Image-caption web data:
---*---
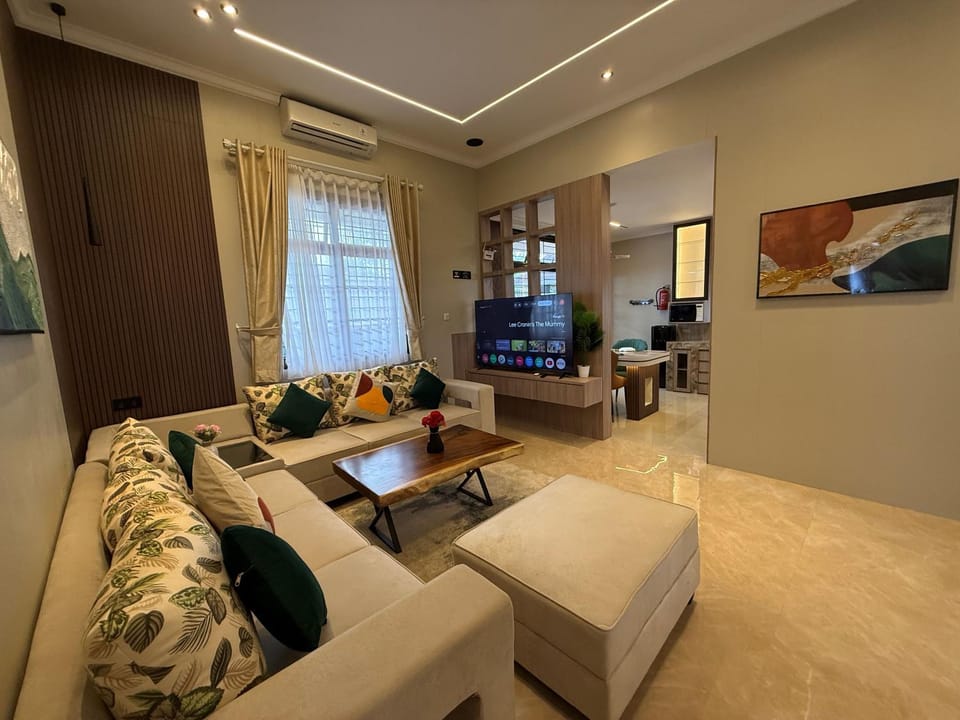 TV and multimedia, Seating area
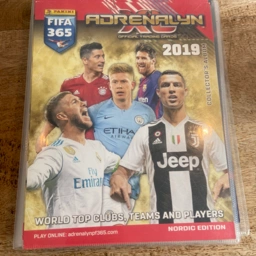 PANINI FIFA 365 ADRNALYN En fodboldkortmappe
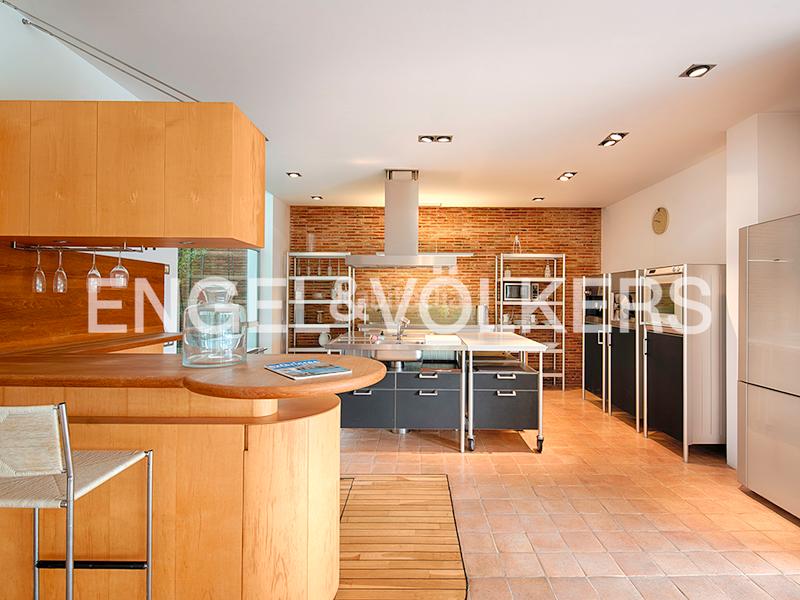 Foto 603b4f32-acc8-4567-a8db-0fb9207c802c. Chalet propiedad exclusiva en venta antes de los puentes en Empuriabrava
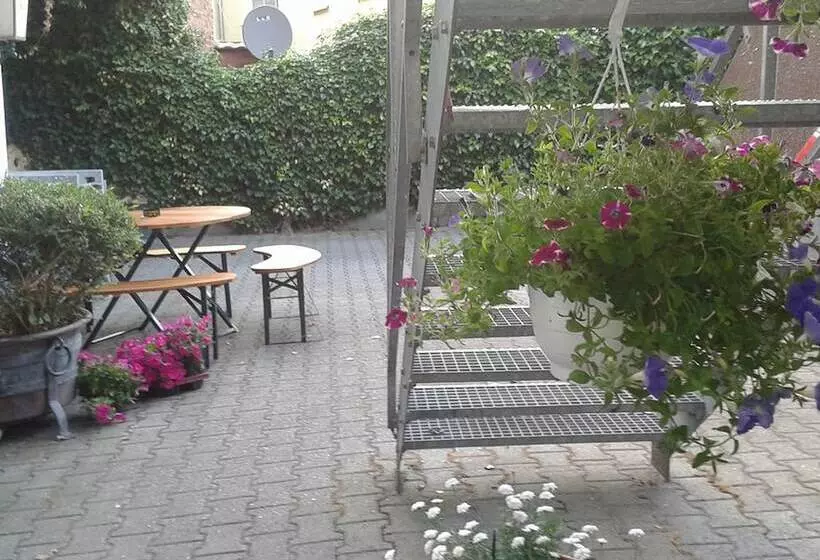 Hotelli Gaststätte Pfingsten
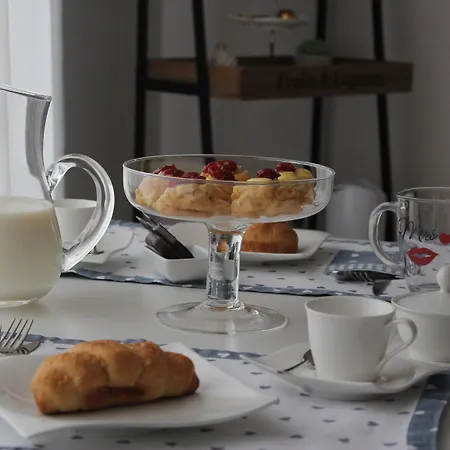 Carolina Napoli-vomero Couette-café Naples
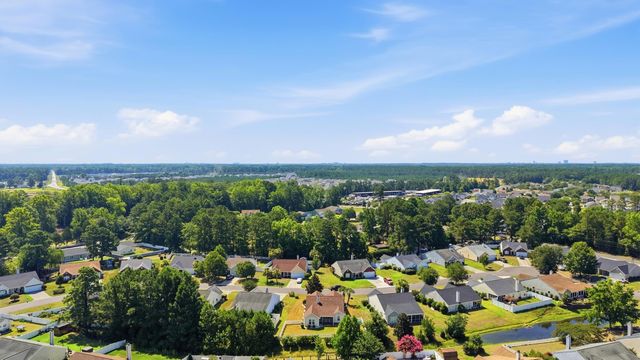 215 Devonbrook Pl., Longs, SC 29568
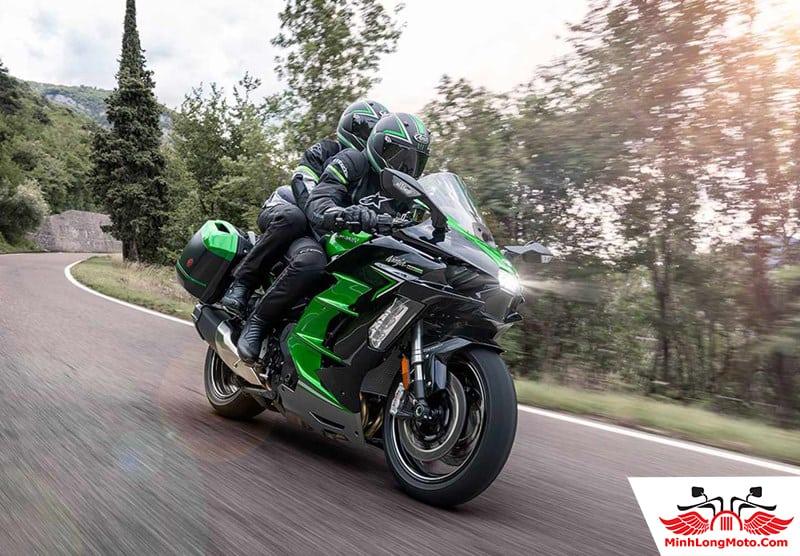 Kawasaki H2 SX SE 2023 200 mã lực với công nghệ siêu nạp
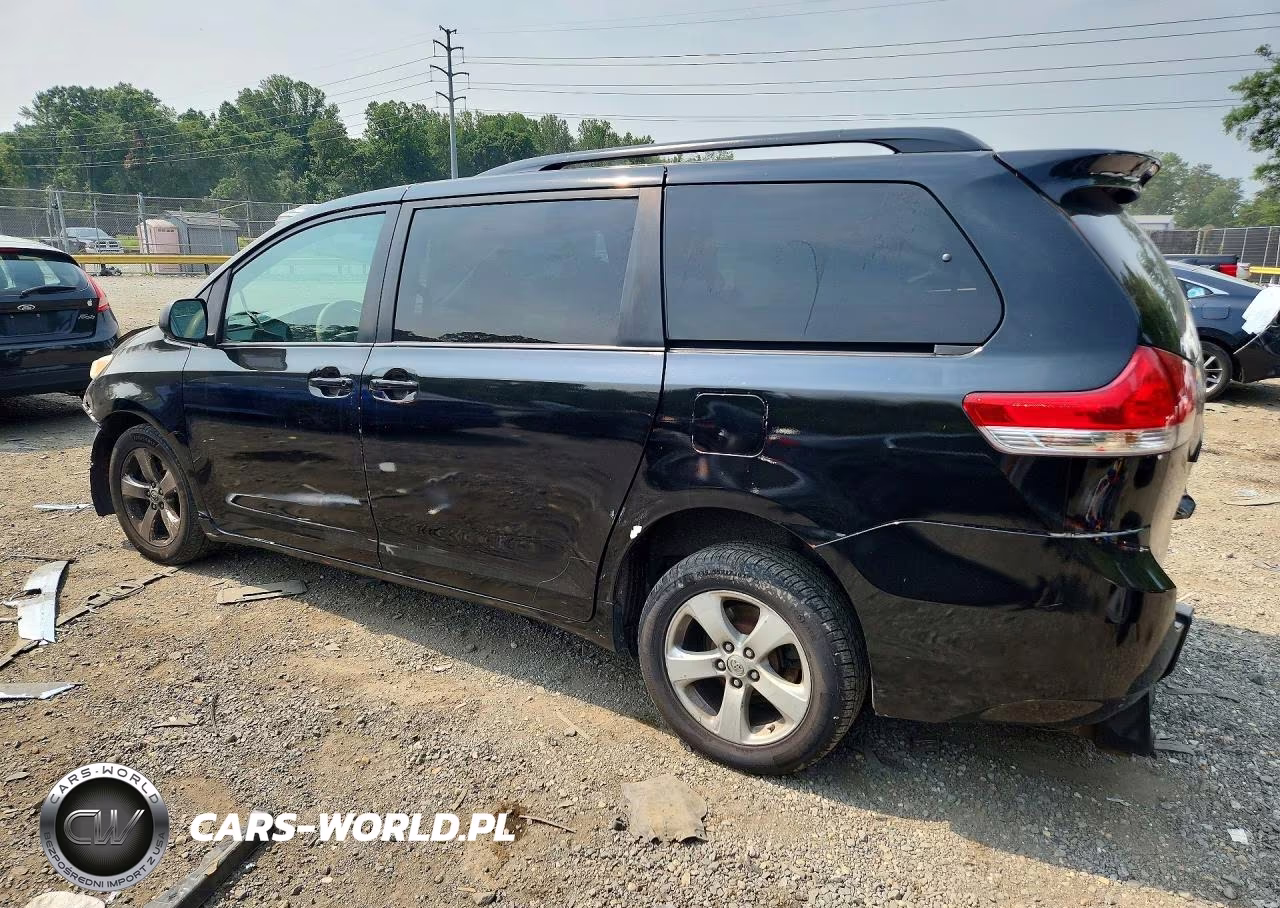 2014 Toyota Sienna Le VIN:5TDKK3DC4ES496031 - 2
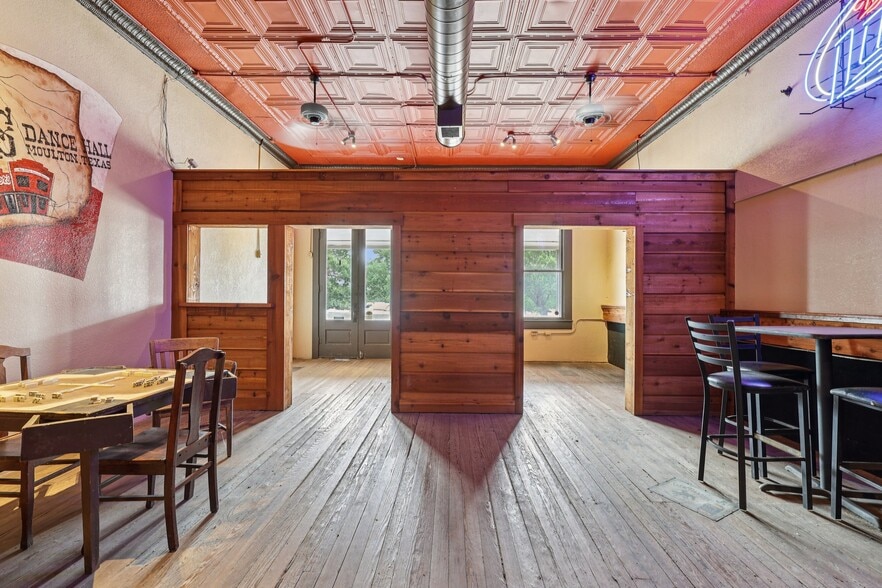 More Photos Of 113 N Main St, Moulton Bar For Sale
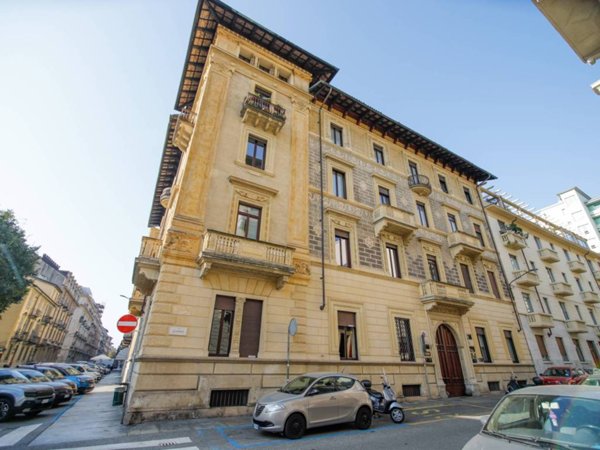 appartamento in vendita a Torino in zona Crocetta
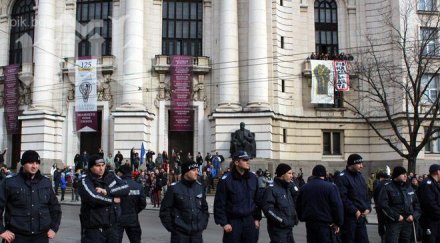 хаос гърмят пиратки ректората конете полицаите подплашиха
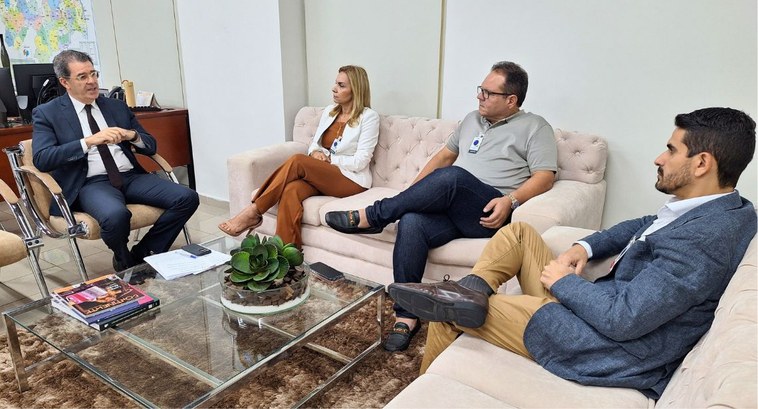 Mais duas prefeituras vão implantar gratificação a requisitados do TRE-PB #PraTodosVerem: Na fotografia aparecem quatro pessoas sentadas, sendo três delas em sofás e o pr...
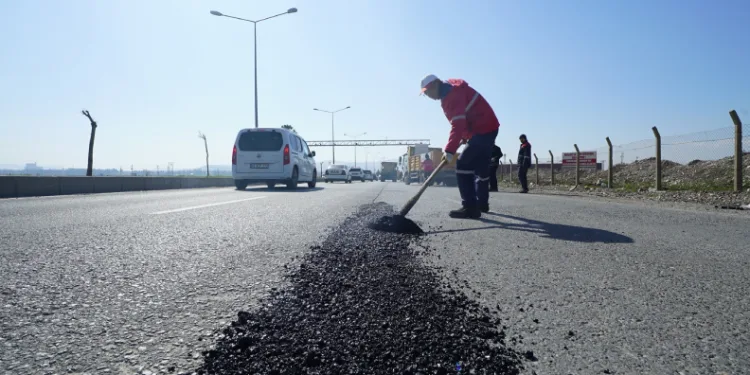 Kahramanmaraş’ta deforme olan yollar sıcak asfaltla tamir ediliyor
---*---
*Brief:* Of the records above, print only the lines from the one containing "More Photos Of" through the one containing "хаос гърмят пиратки", inclusive and unaltered, leaving out pictures.

*Solution to this problem:*
 More Photos Of 113 N Main St, Moulton Bar For Sale
 appartamento in vendita a Torino in zona Crocetta
 хаос гърмят пиратки ректората конете полицаите подплашиха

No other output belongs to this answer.